Post operative evaluation showed no injury to facial and lingual nerve. The patient had an uneventful postoperative period and was discharged on the 10th day with tracheostomy tube removed. He was followed up regularly. Review after 1 month [Figure 8] showed no functional or major aesthetic problems.
DISCUSSION
Penetrating injuries of the face and neck though uncommon are potentially life threatening entity. Many cases of penetrating neck injuries that required massive surgical intervention and repair have been reported. Initial clinical presentations sometimes may not reflect the true injury that has occurred internally. A clinically superficial looking minor stab wound can have vascular or aerodigestive injury when the wound is explored.[5]
Classification of penetrating neck injuries according to Monson's criteria is a useful tool in the evaluation and treatment of penetrating neck injuries. Accordingly the lateral neck is divided into three zones:
Zone 1 extends from the clavicle to the cricoid cartilage and includes the thoracic inlet. This region contains the major vascular structures like the subclavian artery and vein, jugular vein, and common carotid artery, as well as the esophagus, thyroid, and trachea
Zone 2 extends from the cricoid to the angle of the mandible and contains the common carotid artery, internal and external carotid arteries, jugular vein, larynx, hypopharynx, and cranial nerves X, XI, and XII
Zone 3 is a small but critical area extending from the angle of the mandible to the skull base.

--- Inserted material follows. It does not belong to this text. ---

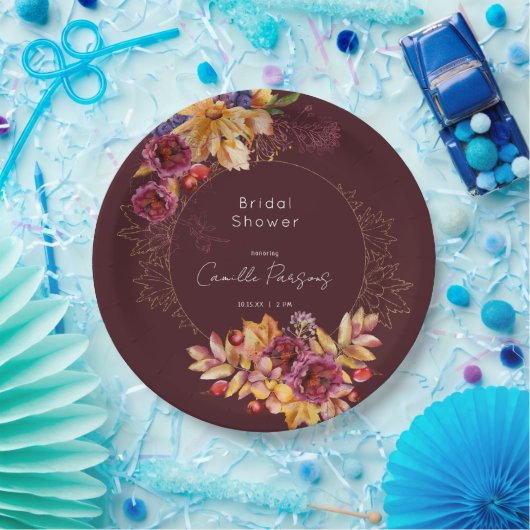 秋ブルゴーニュムーディウォータカラーブライダルシャワー ペーパープレート (パーティー)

This region contains the internal and external carotid arteries, jugular vein, lateral pharynx, and cranial nerves VII, IX, X, XI, and XII.

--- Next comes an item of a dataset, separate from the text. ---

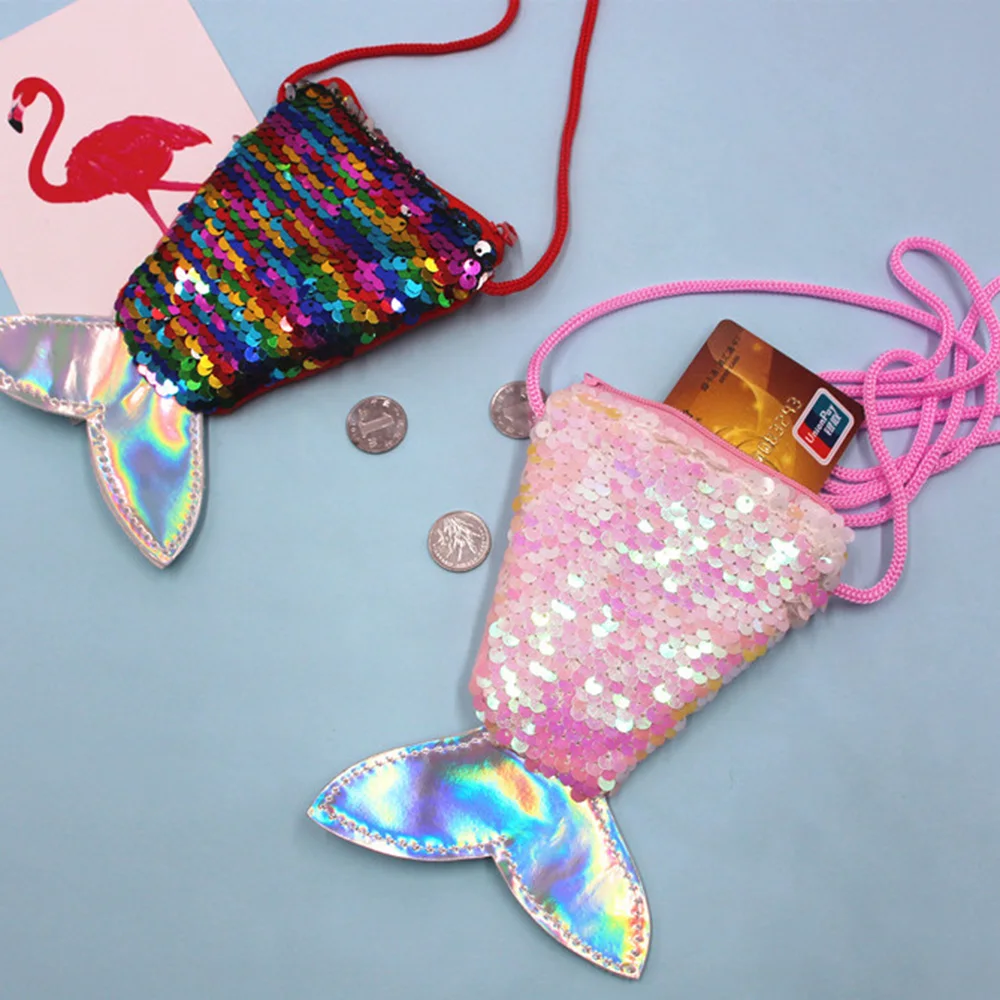 HUISHI Crossbody Bags Paillette Mermaid Tail Sequins Coin Purse For Children Girls Crossbody Bags Money Card Holder Wallet Kids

In the present case, the injury was on the left side in the zone 3, which has made the great vessels namely the carotid artery and jugular vein at risk. The penetrating injuries of the face and neck with such a wooden log pose a diagnostic and therapeutic dilemma. Thorough knowledge of the anatomy of the neck, physical assessment and current recommendations for diagnostic and therapeutic interventions are necessary for appropriate management.[6]
CONCLUSION
Penetrating wooden log in the facial region is an uncommon but potentially life-threatening condition. An unusual case of penetrating injury of the face and neck is presented. Diversities in the management protocol with a changing technique compel the clinician to perform a close evaluation of the patient.[7] Each maneuvre should be directed to minimize mortality and morbidity by means of timely intervention. In cases of penetrating facial injuries, observing the ATLS protocol and early exploration reduces the mortality and resulting in a favorable outcome [Figure 8].
Footnotes
Source of Support: Nil.
Conflict of Interest: None declared.